Exile in lolville (Alfred, Lord Sotosyn), Friday, 20 January 2012 00:32 (fourteen years ago)

Zelig

Mordy, Friday, 20 January 2012 00:32 (fourteen years ago)

Hannah is the best Woody Eightites Film

age is not a number of years but a great experience in life (admrl), Friday, 20 January 2012 00:33 (fourteen years ago)

or Stardust Memories

age is not a number of years but a great experience in life (admrl), Friday, 20 January 2012 00:33 (fourteen years ago)

Danny Rose

the smell of Whiney's cheap perfume (Noodle Vague), Friday, 20 January 2012 00:33 (fourteen years ago)

Zelig then Hannah

ENBB, Friday, 20 January 2012 00:33 (fourteen years ago)

between hannah and purple rose and sex comedy for me

occupy the A train (difficult listening hour), Friday, 20 January 2012 00:38 (fourteen years ago)

sex com would be my third and p rose my fourth, I think

ENBB, Friday, 20 January 2012 00:38 (fourteen years ago)

broadway danny rose

buzza, Friday, 20 January 2012 00:39 (fourteen years ago)

xp just as long as there is some sex com love. LOOK, ARIEL! A FOSSIL!

occupy the A train (difficult listening hour), Friday, 20 January 2012 00:40 (fourteen years ago)

Leaning toward Purple Rose, but I haven't seen most of these in years.

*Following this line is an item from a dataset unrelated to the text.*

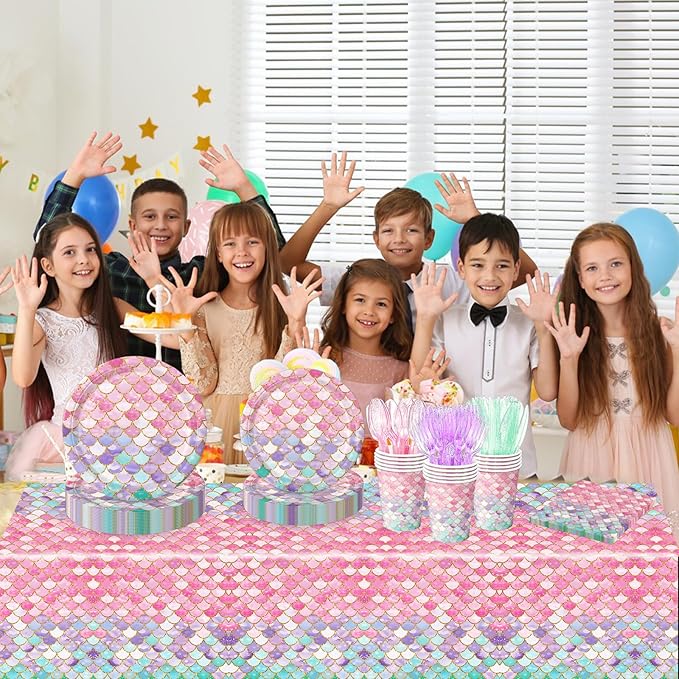 168Pcs Mermaid Birthday Decorations Mermaid Party Supplies Includes Plates, Napkins, Cups, Cutlery for Girls Baby Shower Ocean Birthday Party Decorations, Serves 24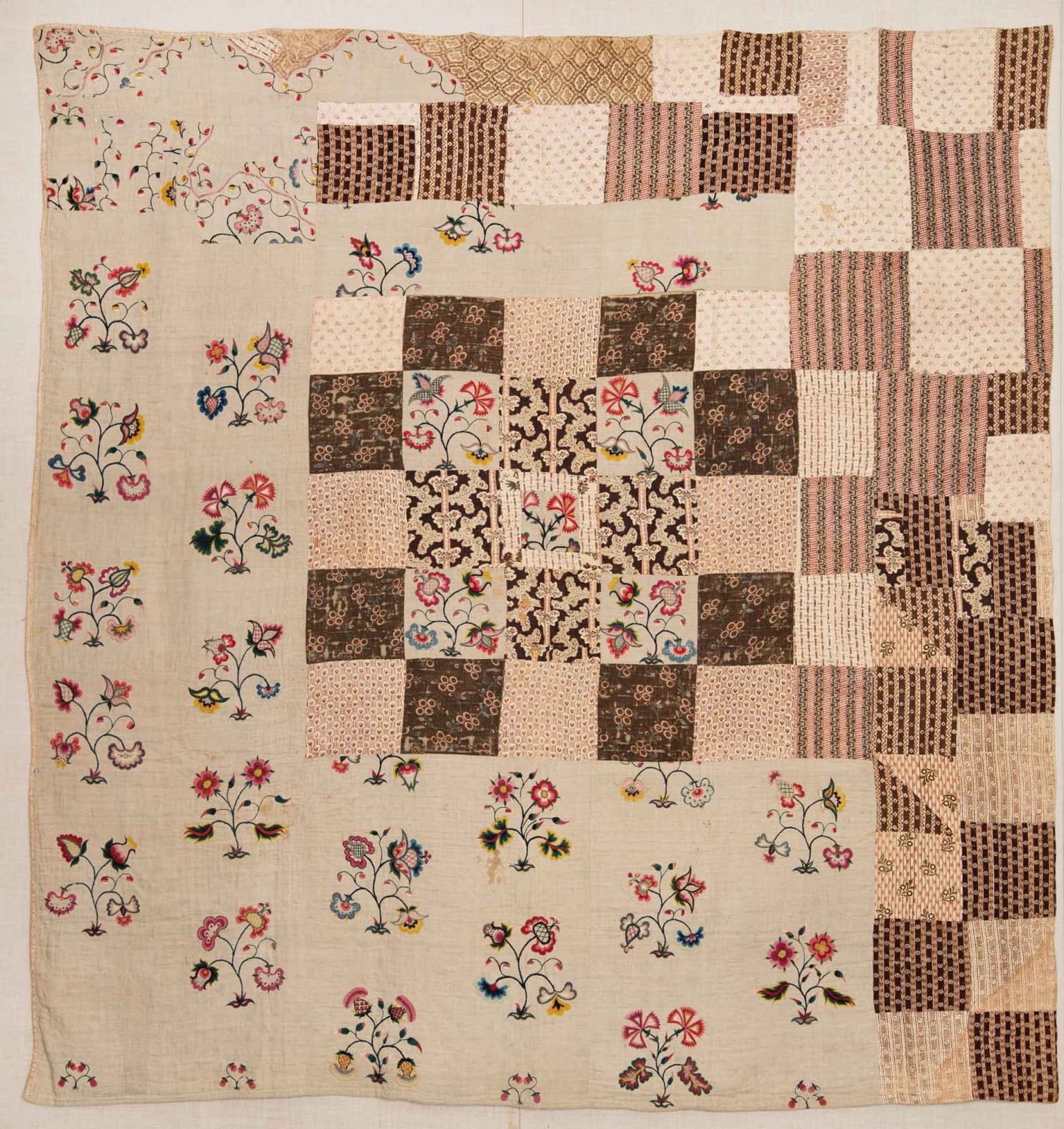 American (probably Connecticut), Quilt of crewelwork, cotton, and wool, ca. 1775–1800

Girl I want to take you to a JBR (jaymc), Friday, 20 January 2012 00:40 (fourteen years ago)

from there, to london -- a long-awaited opportunity to show her thomas carlyle's grave. then to italy, where i have consented to deliver a series of lectures on renaissance art. it will be a pleasure to bring tintoretto into perspective for his innumerable sycophants.

occupy the A train (difficult listening hour), Friday, 20 January 2012 00:40 (fourteen years ago)

one of the sad things about midnight in paris was seeing woody's ability to write snobs reduced to having them talk limply about wine

occupy the A train (difficult listening hour), Friday, 20 January 2012 00:41 (fourteen years ago)

It's what he cast Sam Waterston for!

Exile in lolville (Alfred, Lord Sotosyn), Friday, 20 January 2012 00:48 (fourteen years ago)

people pass by vital structures in this city every day

occupy the A train (difficult listening hour), Friday, 20 January 2012 00:50 (fourteen years ago)

The Purple Rose of Cairo is my vote: his most perfect script and direction, with a performance by Mia Farrow which I still don't think is adequately praised (it's hard to play a naif without making the audience gag).

As for the rest, I've made my peace with Hannah, which I learned to love in the last few years because it's still ALWAYS on cable and my mom loves it because she doesn't have sisters and envies how close Dianne Wiest, Barbara Hershey, and Mia Farrow are.

Zelig is a wry joke extended beyond its natural ten-minute running time.

Another Woman is the best of his Chamber Dramas, although the howlers are all time, like the young John Houseman grouchily saying, "I must finish my book on the Continental Congress" and Gena Rowlands looking anguished when she spots her mother's tears on "her favorite Rilke poem."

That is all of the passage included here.